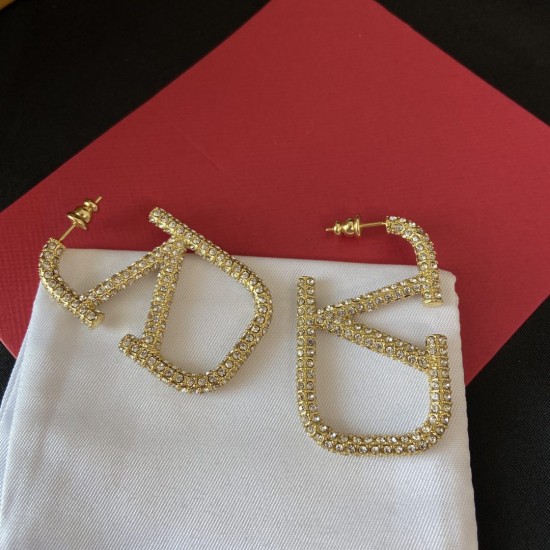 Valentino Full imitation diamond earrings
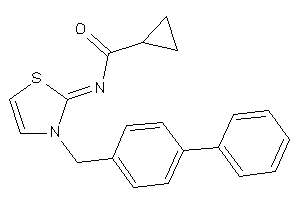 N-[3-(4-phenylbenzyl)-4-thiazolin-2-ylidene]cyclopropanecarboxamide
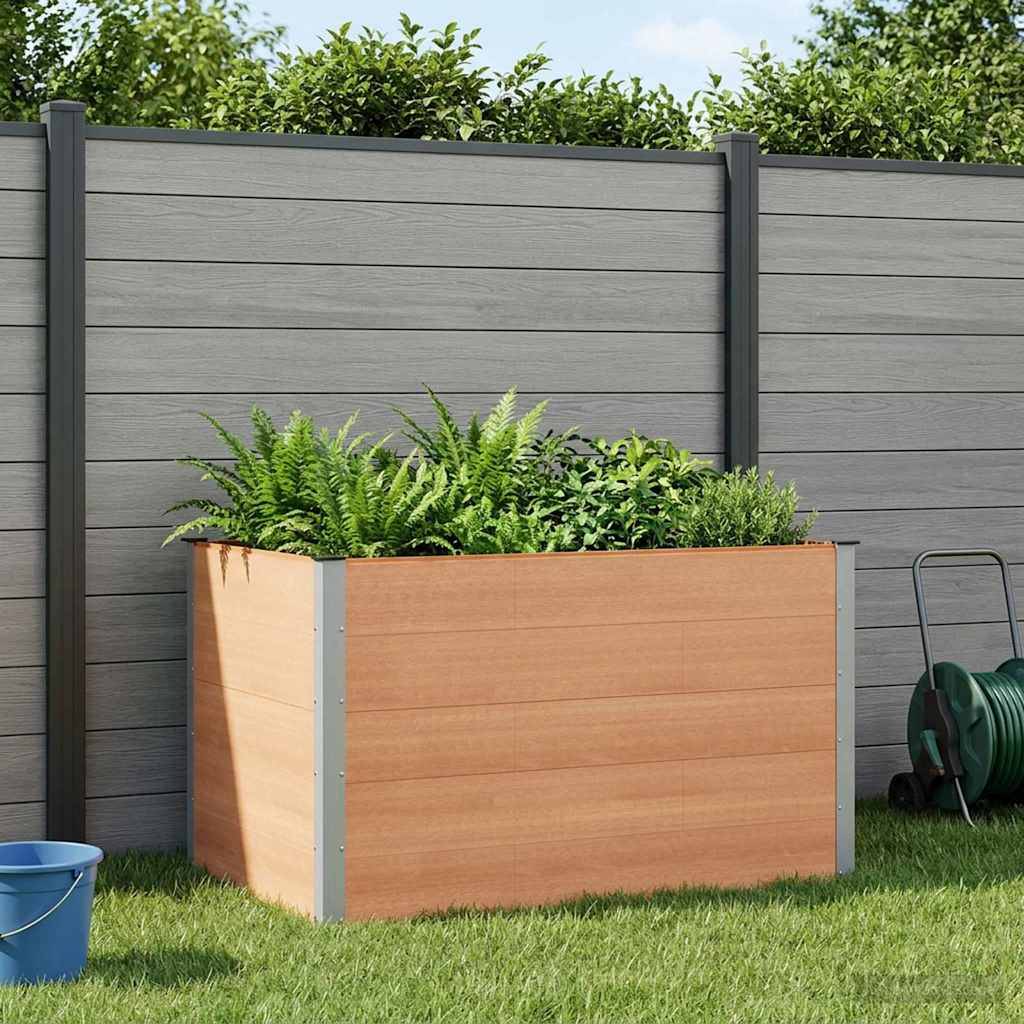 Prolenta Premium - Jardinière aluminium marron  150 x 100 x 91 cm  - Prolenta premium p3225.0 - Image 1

--

The copy must reproduce the listing above verbatim and contain no pictures.

 Valentino Full imitation diamond earrings
 N-[3-(4-phenylbenzyl)-4-thiazolin-2-ylidene]cyclopropanecarboxamide
 Prolenta Premium - Jardinière aluminium marron  150 x 100 x 91 cm  - Prolenta premium p3225.0 - Image 1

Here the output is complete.